When a professional review matters
A qualified well professional, inspector, certified laboratory, local health authority, or environmental authority may be important when there are questions about well type, safety, location, testing, construction, yield, sudden changes, treatment, or property purchase decisions.
Professional review is especially important if:
- the well type is unclear;
- records are missing;
- the well appears old, poorly capped, or vulnerable;
- the property has flooding or drainage concerns;
- the well is near possible contamination sources;
- water quality has changed suddenly;
- test results need interpretation;
- the well has low yield or pressure problems; or
- a buyer is relying on the well as part of a property purchase.
Related guide: When to Call a Well Professional.
What this article is not
This article does not tell you how to construct, deepen, repair, seal, abandon, shock, disinfect, open, cap, drill, or modify a well. It also does not tell you whether a specific shallow well or drilled well is safe.

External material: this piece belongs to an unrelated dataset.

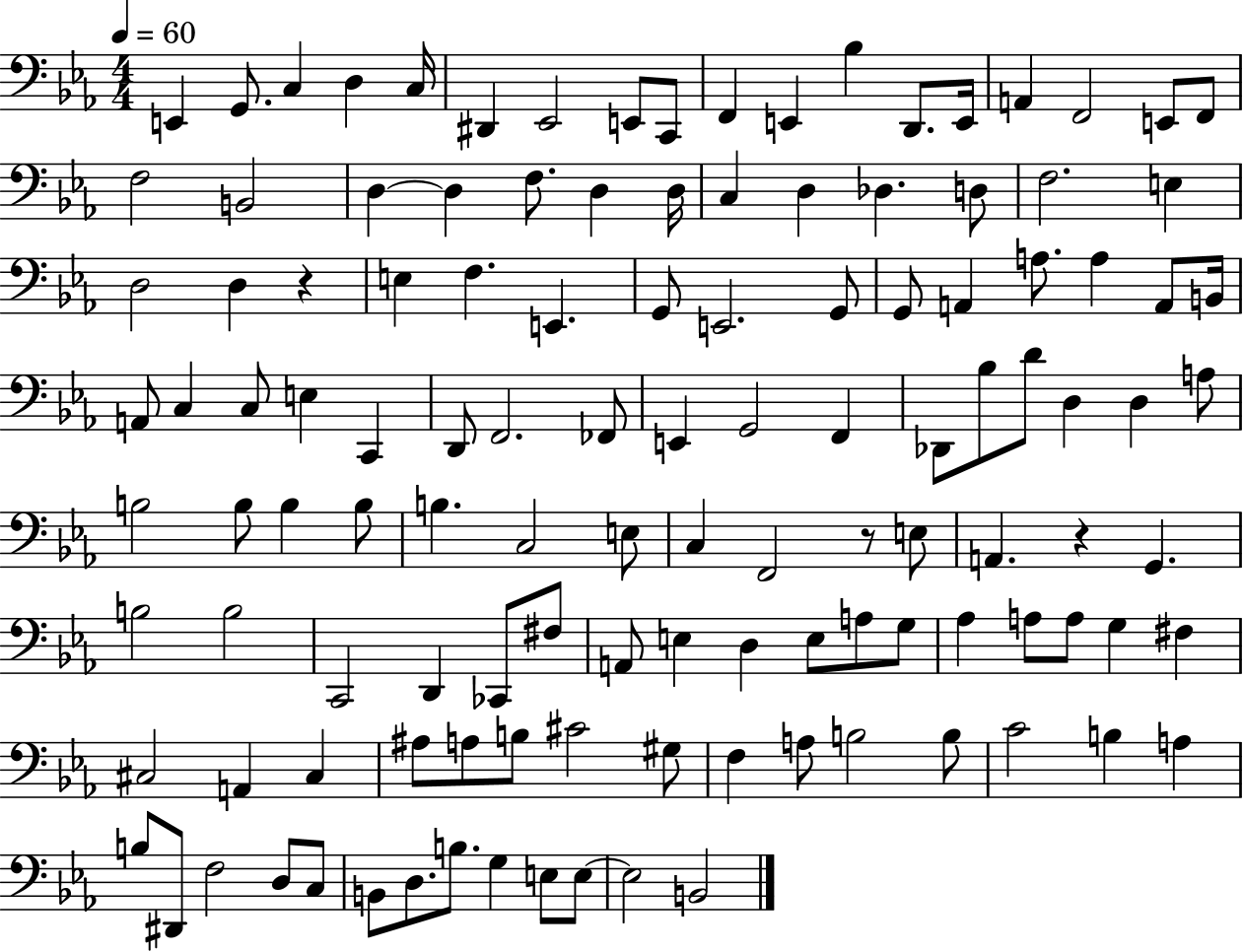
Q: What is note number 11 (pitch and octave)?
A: E2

Those decisions require local rules, property-specific information, testing, inspection, and qualified professional judgment.
Good next steps
Continue with Main Parts of a Private Well System, When Should You Test Well Water?, and Questions to Ask About a Private Well.
Bottom line
Shallow wells and drilled wells can differ in depth, construction, vulnerability, records, and maintenance concerns. But neither label gives a complete answer. A well must be understood as a specific system on a specific property.
Testing, records, local rules, qualified professionals, and careful property review are what turn a label like “shallow well” or “drilled well” into useful information.